Technicals: For the short term trader, Allendale uses its own unique custom
Moving Averages to monitor price momentum, define key support and
resistance levels as well as advise where key pivot points are located when
bulls may turn bearish and bears to turn bulls. We also include last weeks
closing price for the weekly chartist as we draw closer to the end of the
week to anticipate the possibility for futures to have a positive weekly
close or if weakness is ensuing.
Farm Bill: Highlights of the House and Senate Farm Bill are found within
our Grain Fundamentals II page. Congress has passed the most recent version
of a new farm bill which has overriding powers of a veto by President Bush.
Interestingly enough the proposed farm bill has language which "require
electronic energy traders to provide an audit trail and record-keeping,
monitor for market manipulation, and increase financial penalties for cases
of market manipulation and excessive speculation."

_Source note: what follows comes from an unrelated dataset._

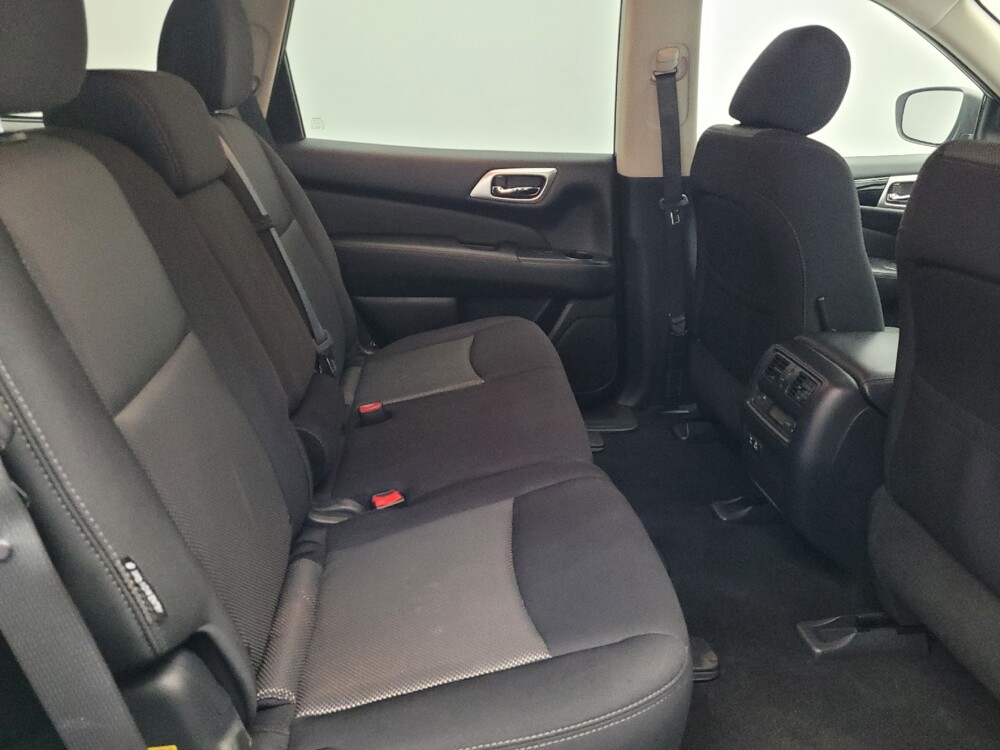 2020 Nissan Pathfinder in Savannah, GA 31419 - 18101649 19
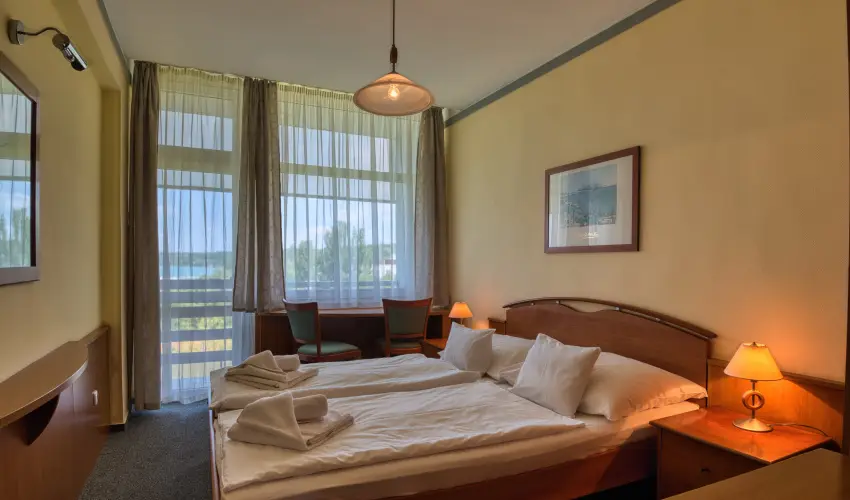 Vil�gos Hotel Balatonvil�gos - Balatoni Vak�ci� Reggelivel (min. 2 �j)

Weather: private weather services suggest an available open window for
planting of corn and soybeans for the next five days. The region forecasted
is the Delta, through Missouri, Kansas, southwest Iowa and up through the
Dakotas. A similar forecast for the east cornbelt but for later next week.
Corn Fundamentals: the trade suggest its transitioning from planting
progress to emergence. Read next section below. Fundamentally futures
should be well supported by slow emergence and steady demand. Weather
patterns may be shifting from a steady stream of rains to something more
sporadic and allowing for better chance for planting progress. Floor
traders suggest corn plantings to be at a level of 75% planted vs a five
year average of 88% when NASS releases its update at 3 pm on Monday. We
view weather as supportive to futures but realize corrective breaks are
Corn Emergence: the trade suggest it is transitioning its focus more
heavily on corn emergence and less weight on the corn planting progress. If
it is the case, then the corn trade needs to be supportive to futures. The
May 11th corn emergence level is estimated at 11%. Dating back to 1999, the
highest percentage of emergence was 51 in the year 2000 with a five year
average level of 33% and ten year average of 32%. Typically for this
present week emergence usually gains 23% suggesting by NASS's next release
11% could become 34%. However historical research suggest by next Sunday,
corn emergence typically is 56%, none the less, still very much delayed.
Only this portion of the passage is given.